Fix several MacOS memory management bugs#31769
Conversation
Before calling [NSApp run], we need to drain the previous pool as the windows have been added to it during enumeration.
There exists a (likely rare) scenario in which new NSEvents can be added to the queue indefinitely, and thus the outermost pool will never be drained. Hence, create a new pool and drain it once per iteration.
Now that we are setting up and draining pools, our MatplotlibAppDelegate is short lived, as NSApplication.delegate is a weak reference.
The alloc/init of the NSFileHandle needs a -release The object returned by -addObserverForName:object:queue:usingBlock: is retained by the system and needs a corresponding -removeObserver
The call to -[NSApp windows] needs to be inside of an @autoreleasepool block, else there exists the possibility that the windows array will go into a lower pool that won't be drained.

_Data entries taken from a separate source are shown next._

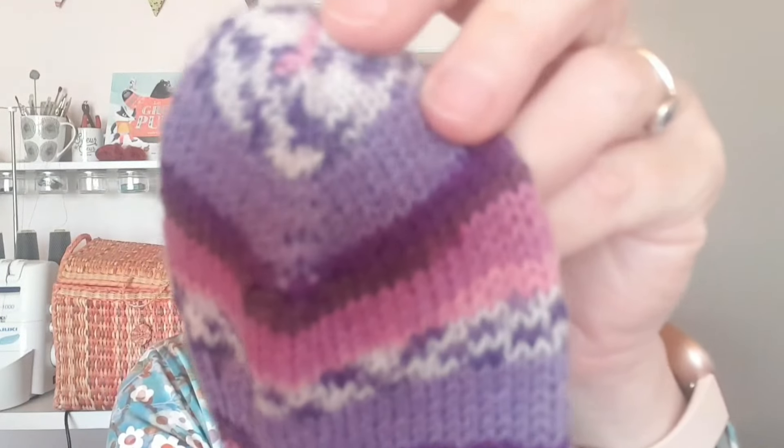J'ai fait ma chaussette préférée. Donc un montage en Turkish cast-on, des augmentations — je les ai fait en KFB. KFB c'est Knit Front and Back, ça veut dire tricoter la même maille par le brin avant et par le brin arrière, ce qui vous fait une augmentation à chaque fois. Moi je trouve que c'est la méthode la plus simple pour faire les augmentations, et sur une pointe de chaussette je trouve que ça va très bien.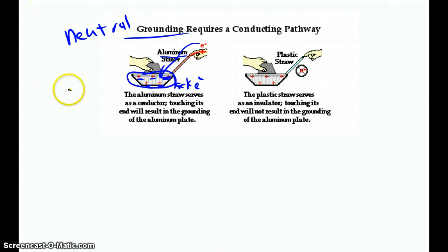So grounding takes a positive object to neutral. The pathway does have to be conductive — plastic is an insulator, so you can't use an insulator as a conductive pathway; it doesn't conduct, so no electrons can move into the pan and the pan doesn't balance, leaving the positive charge built up. Grounding is a way to get electrons into a material if it's positive, or away from the material if it has excess electrons, getting the object back to neutral — it's a process for neutralizing the charge on any object.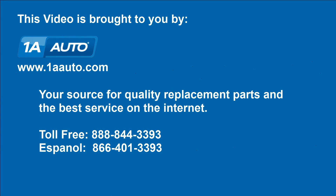We hope this video helps you out. Brought to you by 1AAuto.com, your source for quality replacement parts and the best service on the internet. Please feel free to call us toll-free at 888-844-3393, with a company that's here for you on the internet and in person.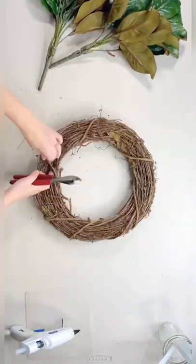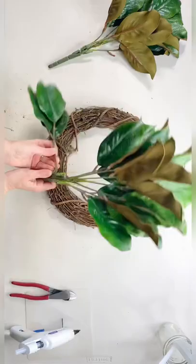Let's make a magnolia wreath. The first thing I do is clean up my grapevine — I'm using a 14 inch right here. Then I cut up my magnolia bushes. These are from Hobby Lobby; they're my favorite.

Using setReleasedWhenClosed:NO has been the standard for programmatically-created windows since the introduction of ARC. Also add calls to setDelegate:nil as NSWindow.delegate was assign until macOS 10.13.
|
Thank you for opening your first PR into Matplotlib! If you have not heard from us in a week or so, please leave a new comment below and that should bring it to our attention. Most of our reviewers are volunteers and sometimes things fall through the cracks. We also ask that you please finish addressing any review comments on this PR and wait for it to be merged (or closed) before opening a new one, as it can be a valuable learning experience to go through the review process. You can also join us on discourse chat for real-time discussion. For details on testing, writing docs, and our review process, please see the developer guide. We strive to be a welcoming and open project. Please follow our Code of Conduct. |
|
I did some more thinking about the "Pools at Boundaries" case. If we used preprocessor macros at the start and end of the function, it would:
For example, the #define BEGIN_PYTHON_TO_OBJC_SECTION \
@autoreleasepool { @try {
#define END_PYTHON_TO_OBJC_SECTION \
} @catch (NSException *exception) { \
PyErr_SetString(PyExc_RuntimeError, [[exception reason] UTF8String]); \
} }
…
static PyObject*
show(PyObject* self)
{
BEGIN_PYTHON_TO_OBJC_SECTION
// -objectEnumerator will add all windows to the topmost pool,
// wrap in @autoreleasepool as -[NSApp run] is long-running.
@autoreleasepool {
[NSApp activateIgnoringOtherApps: YES];
NSArray *windowsArray = [NSApp windows];
NSEnumerator *enumerator = [windowsArray objectEnumerator];
NSWindow *window;
while ((window = [enumerator nextObject])) {
[window orderFront:nil];
}
}
Py_BEGIN_ALLOW_THREADS
[NSApp run];
Py_END_ALLOW_THREADS
END_PYTHON_TO_OBJC_SECTION
Py_RETURN_NONE;
} |
I don't know much about the internals or best naming, but the macros do have some value, as otherwise the |
Yeah, that's one of my big hesitations with my patch as-is, I really dislike the idea of clobbering so much of the blame history! |
Rather than using @autoreleasepool and indenting several lines of code (which will break `git blame`), use BEGIN_OBJC_ENTRY and END_OBJC_ENTRY.
|
The test failures above seem to be related to some issue with time zones. While I don't think it's related to my changes, please let me know if I need to rerun the tests somehow or address this on my end. |
|
This is great! Thank you for all the great explanations and walkthrough of the details you've updated, it really helps. I unfortunately don't have a mac as easily at hand these days, but I'll try and test this out later this weekend if I can. I read through the code and had AI do a quick sanity check as well and am leaving my human written comments inline.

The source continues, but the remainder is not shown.